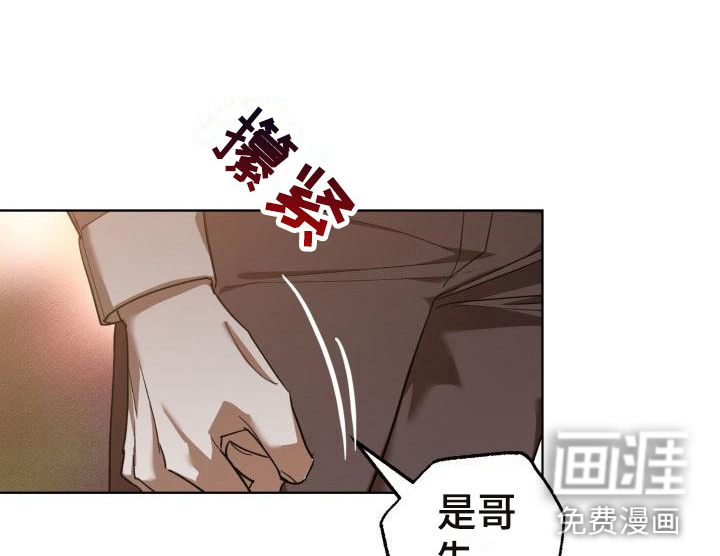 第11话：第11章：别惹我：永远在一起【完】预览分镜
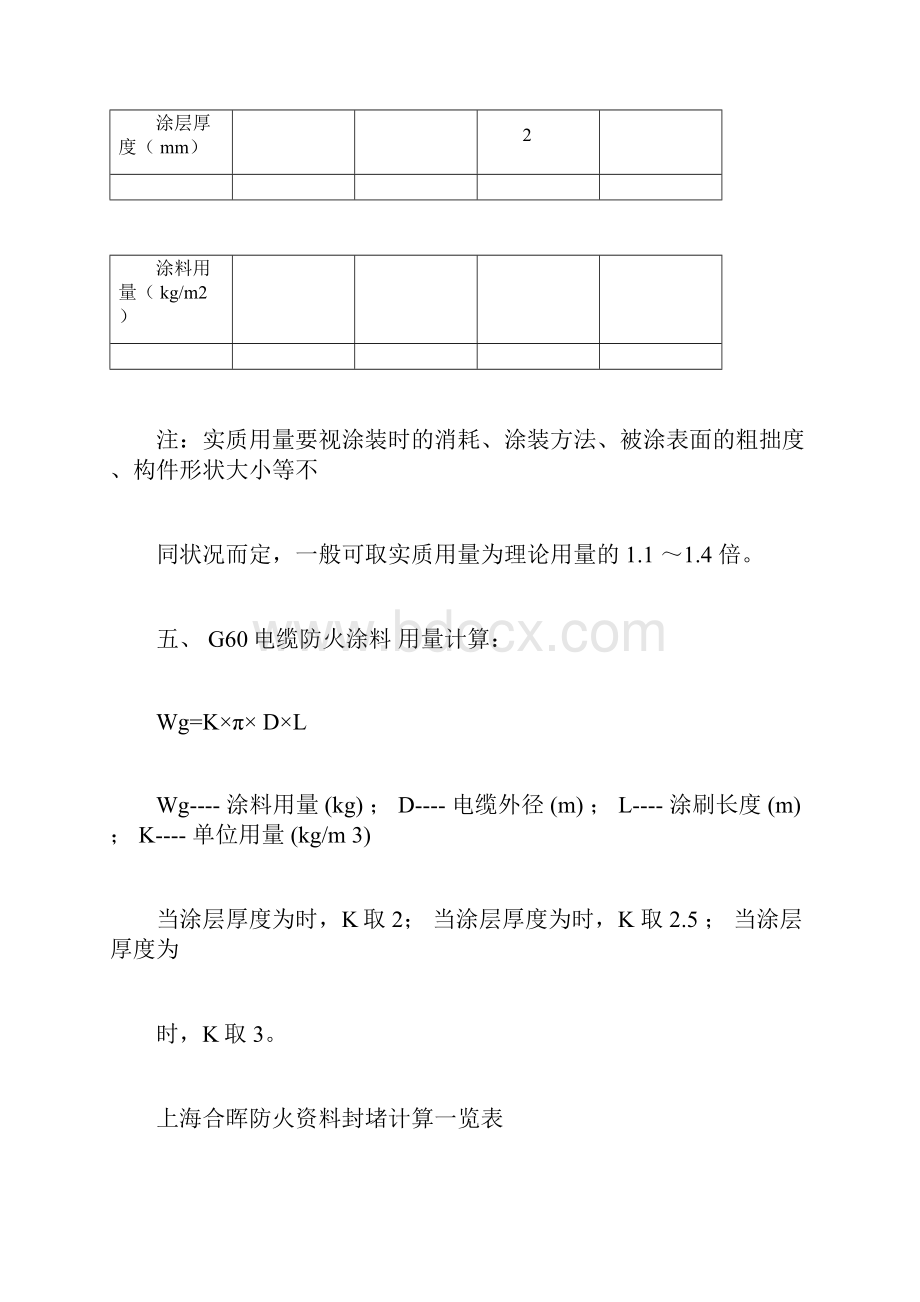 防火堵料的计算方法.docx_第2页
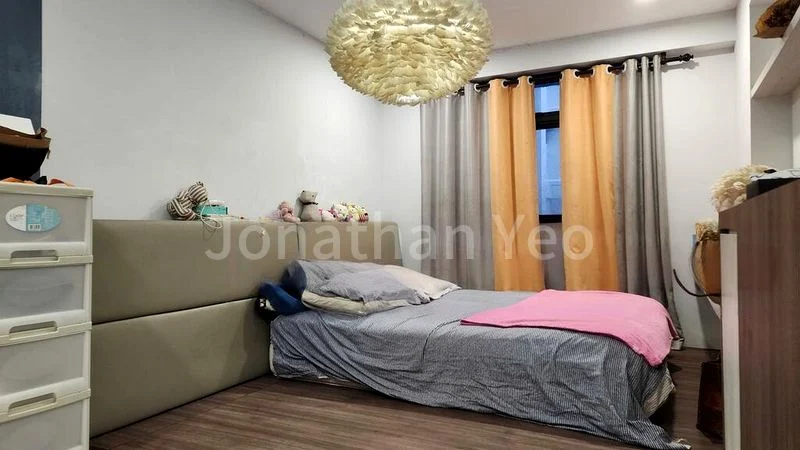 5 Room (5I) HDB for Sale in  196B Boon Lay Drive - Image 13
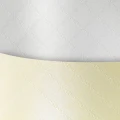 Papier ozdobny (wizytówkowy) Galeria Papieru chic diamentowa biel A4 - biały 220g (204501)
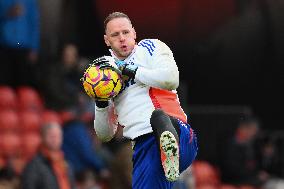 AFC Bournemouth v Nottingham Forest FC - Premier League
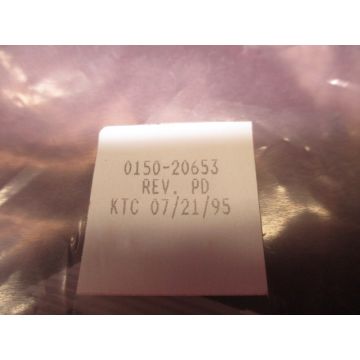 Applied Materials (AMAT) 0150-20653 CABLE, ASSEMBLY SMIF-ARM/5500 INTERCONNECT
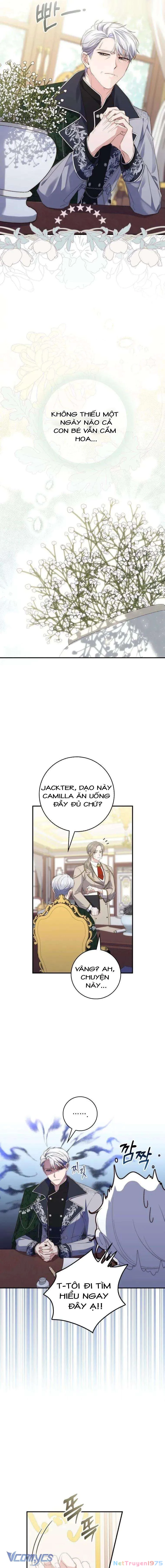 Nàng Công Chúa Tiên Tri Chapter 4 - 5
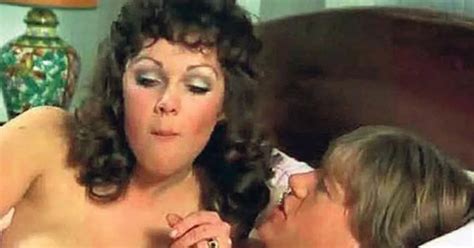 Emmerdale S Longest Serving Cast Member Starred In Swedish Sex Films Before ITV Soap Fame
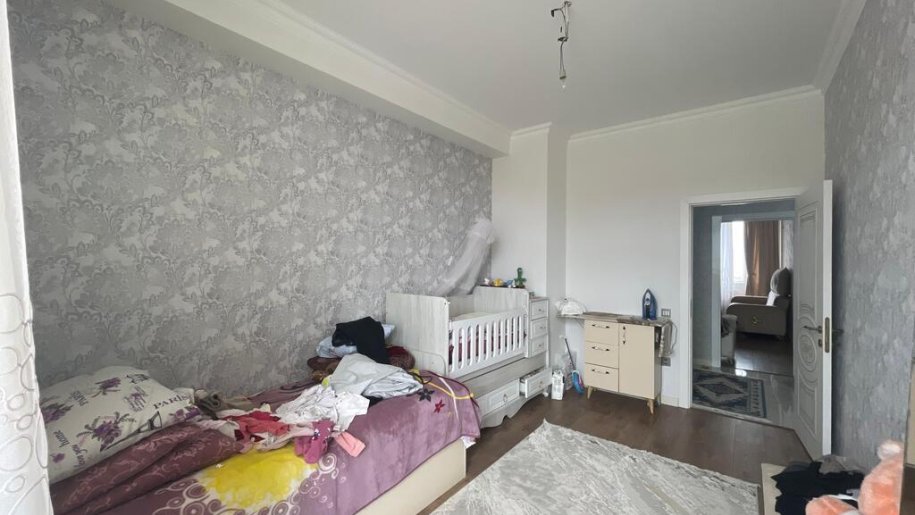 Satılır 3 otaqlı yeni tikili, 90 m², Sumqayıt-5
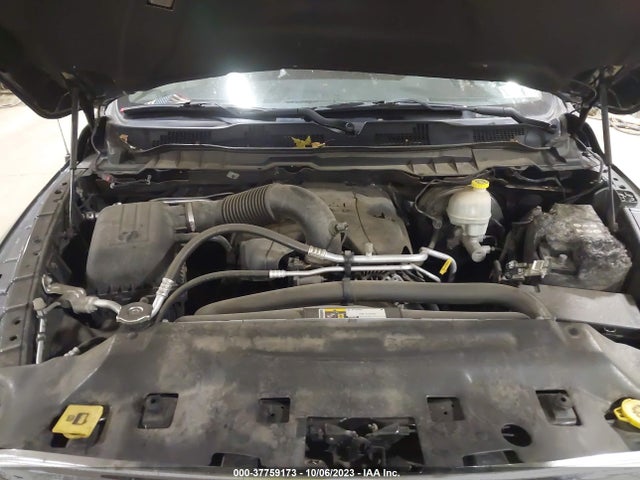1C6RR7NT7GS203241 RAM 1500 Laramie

__________

Your assignment:
Only the lines from the one containing "防火堵料的计算方法.docx_第2页" through the last line of the data may appear in the answer, each given again exactly and with pictures left out.

Answer to this task:
 防火堵料的计算方法.docx_第2页
 5 Room (5I) HDB for Sale in  196B Boon Lay Drive - Image 13
 Papier ozdobny (wizytówkowy) Galeria Papieru chic diamentowa biel A4 - biały 220g (204501)
 AFC Bournemouth v Nottingham Forest FC - Premier League
 Applied Materials (AMAT) 0150-20653 CABLE, ASSEMBLY SMIF-ARM/5500 INTERCONNECT
 Nàng Công Chúa Tiên Tri Chapter 4 - 5
 Emmerdale S Longest Serving Cast Member Starred In Swedish Sex Films Before ITV Soap Fame
 Satılır 3 otaqlı yeni tikili, 90 m², Sumqayıt-5
1C6RR7NT7GS203241 RAM 1500 Laramie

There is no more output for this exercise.